In a bid to unearth the domestic performers in Pakistan cricket, every week The Correspondent will be highlighting players that can serve Pakistan in the future. This week we talk to Khyber Pakhtunkhwa’s Kamran Ghulam.

It has been a groundbreaking season for the 25-year-old Kamran Ghulam to say the least. Last week, in the final of the Quaid-e-Azam Trophy, he became the highest run-scorer ever in a single season of the competition. He broke Saadat Ali’s 37-year-old record to cement his name in the history books. He finished the season with 1249 runs at an average of 62.45.

Khyber Pakhtunkhwa has always been a team that punches above its weight. This time around they were unstoppable and jointly won the recently concluded season of Quaid-e-Azam Trophy. In the group stages, KPK finished on top of the table with five wins and only one loss. One of the main reason for KPK’s dominant performance was Kamran Ghulam.

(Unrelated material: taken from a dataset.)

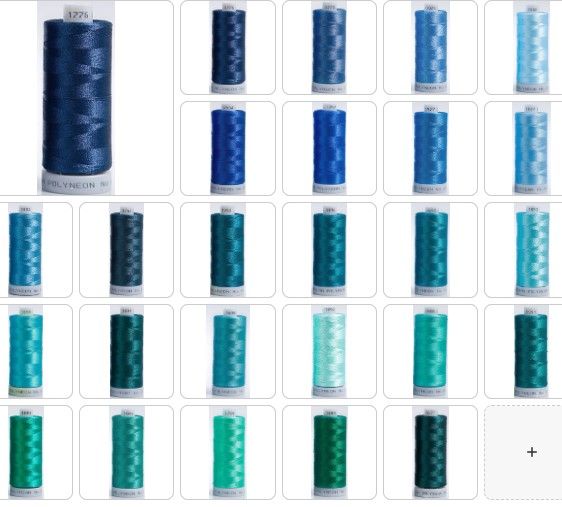 Polyneon Embroidery Thread Strip 6 (Teal/Jade)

In the whole tournament, Ghulam batted 20 times for KPK and crossed 50 in 10 of those innings. In his first five games, he scored three half-centuries but took his game to another level in the business end of the tournament with five centuries and two fifty-plus scores. Here is a look at his batting performances in this season of Quaid-e-Azam Trophy.

In an exclusive interview with The Correspondent, Kamran Ghulam answered our questions

You became the highest run-scorer in the recently concluded season of the Quaid-e-Azam Trophy. Is there anything different you have done with your batting technique for which you have been rewarded?

“I was disappointed that I didn’t get a chance in the Khyber Pakhtunkhwa’s first eleven in 2019-20 season of Quaid-e-Azam Trophy. Although I did score four half-centuries for KPK’s second eleven but I wanted to make a mark in Pakistan’s premier domestic competition. I worked really hard in the off-season and thanks to Almighty Allah, he has rewarded me with results and I want to build up on that.”

How has been your cricketing journey so far and who are the people that have helped you the most?

It has been a difficult road and I have to work really hard to reach where I am right now. I am very thankful to my family and especially my brothers who have backed me throughout. All the people in the Arshad Khan academy who have helped me in perfecting my game. A very special thanks to my coach and mentor Qazi Shafiq Lala whose guidance and experience has always been beneficial for me.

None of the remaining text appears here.